Louis Lambert: At 107,280 kilometers per hour

2 October 2024 - 10 January 2025
  • Overview
    Louis Lambert, also known as 3TTMAN, returns with a solo exhibition at Delimbo Gallery titled At 107,280 kilometers per hour.
    Among the influences that feed his work are automatism, naïve art, neo-primitivism, art brut and fauvism. Thesemovements are reflected in his bold chromatic palette, which is characterized by pure, intense colors that evoke light and space; an arbitrary use of color that reveals his emotional state; simplification of forms; balanced, expressive composition; original designs; and a break with classical perspective. In addition, Lambert experiments with techniques and materials ranging from acrylic and oil, to waxes, spray paint, cement and polychrome silicones, creating marked textures that define his unique style.

    Louis Lambert (Lille, 1978) is a French artist living in Spain since 2001. 3ttman (pronounce “3 têtes man”) is his alter ego with three heads whom he began painting in the streets of Lille in 1999, according to the artist it depicts the profound complexity of human beings and the different views that arise from one same situation. The primitive art and its intuitive force particularly fascinate lambert. Multifaceted, he assimilates in his work popular languages to make clear the innate ability of any form of expression to transcend the mundane and become art. By paying special attention to material experimentation, he has innovated with a myriad of techniques using cement, silicone, papier maché, oriental ceramics, and a wide range of different formats ranging from painting, sculptures… to large-scale mural work. To him, creative pleasure is inseparable from the process; he enjoys working and it is directly reflected in his particular style: dynamic, colorful, cheerful and authentic.
     
    His interventions have led him to work with renowned institutions such as the Tate Modern (Street walking tour 2008), El País (ARCO 2012), the Spanish embassy (realization of a mosaic wall 30 meters in Hanoi 2010), the MUVIM (Valencian Museum of the Enlightenment and modernity), and participate in top international mural festivals.
  • Exhibition text

    At 107,280 kilometers per hour by Ricardo Suárez Acosta
    At this moment we are on a planet, a multicolored fireball, eight thousand two hundred million human beings flying around the sun at an average speed of one hundred seven thousand two hundred eighty thousand kilometers per hour. This unusual fact, unknown to the majority of these many millions of people, has caught the attention of Louis Lambert and motivates him to reflect in this unique exhibition. He analyzes this surprising and colossal event and comes to the conclusion that everything loses or gains meaning; everything is relativized, living on a sphere that physical and chemical principles keep afloat on a dark, unknown, incognito and infinite stage.
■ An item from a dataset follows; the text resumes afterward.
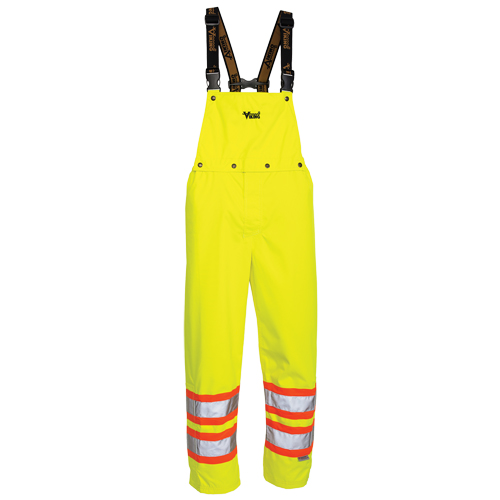 Professional&reg; Journeyman&reg; 300D Pants, Polyester, Small, High Visibility Lime-Yellow CSL Industriel Inc.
    We live on this surface and we have to enjoy life as something extraordinary, as something as amazing as the innumerable fundamentals such as speed, thrust, force, pressure, gravity that make us enjoy complex and simple aspects of our daily or unusual existence.
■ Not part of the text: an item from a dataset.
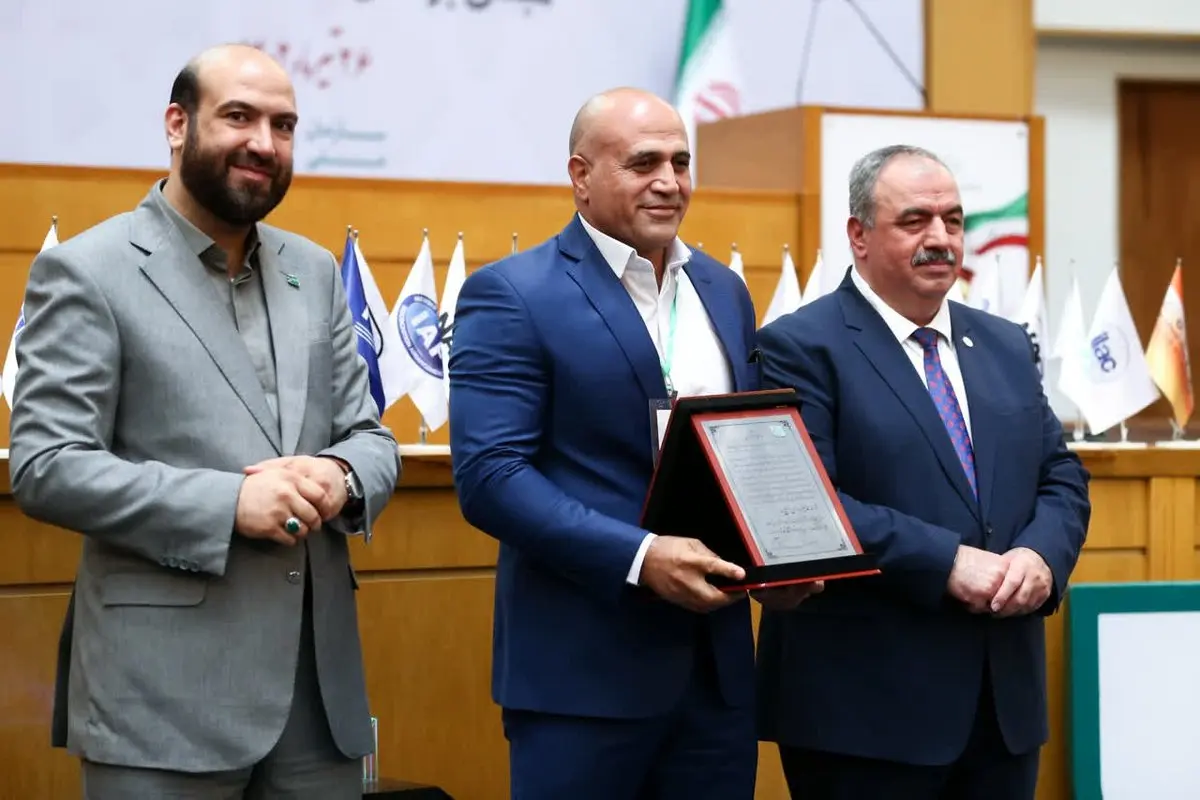 شرکت عالیفرد (سن ایچ) جایزه ملی کیفیت ایران را دریافت نمود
    In this transcendental and extraordinary context, Louis Lambert captures the essence of his environment, almost decisive moments, reflecting the relationship of man with the environmental richness of the earth, the interaction of man with his world when it is convenient, and the impact of globalization, revisiting and rescuing the most mundane, where the essence of happiness lies, the enjoyment of life.
    His artistic approach is characterized by an authentic gaze, free from the constraints of academic norms and conventional training. Through spontaneity and without fear of established norms, this timeless artist distances himself from the demands of the market and contemporary fashions. His pictorial practice takes place in his studio, where he creates for himself, introspectively, as opposed to his mural interventions, which require a connection with the public and a response to the demands of each commission.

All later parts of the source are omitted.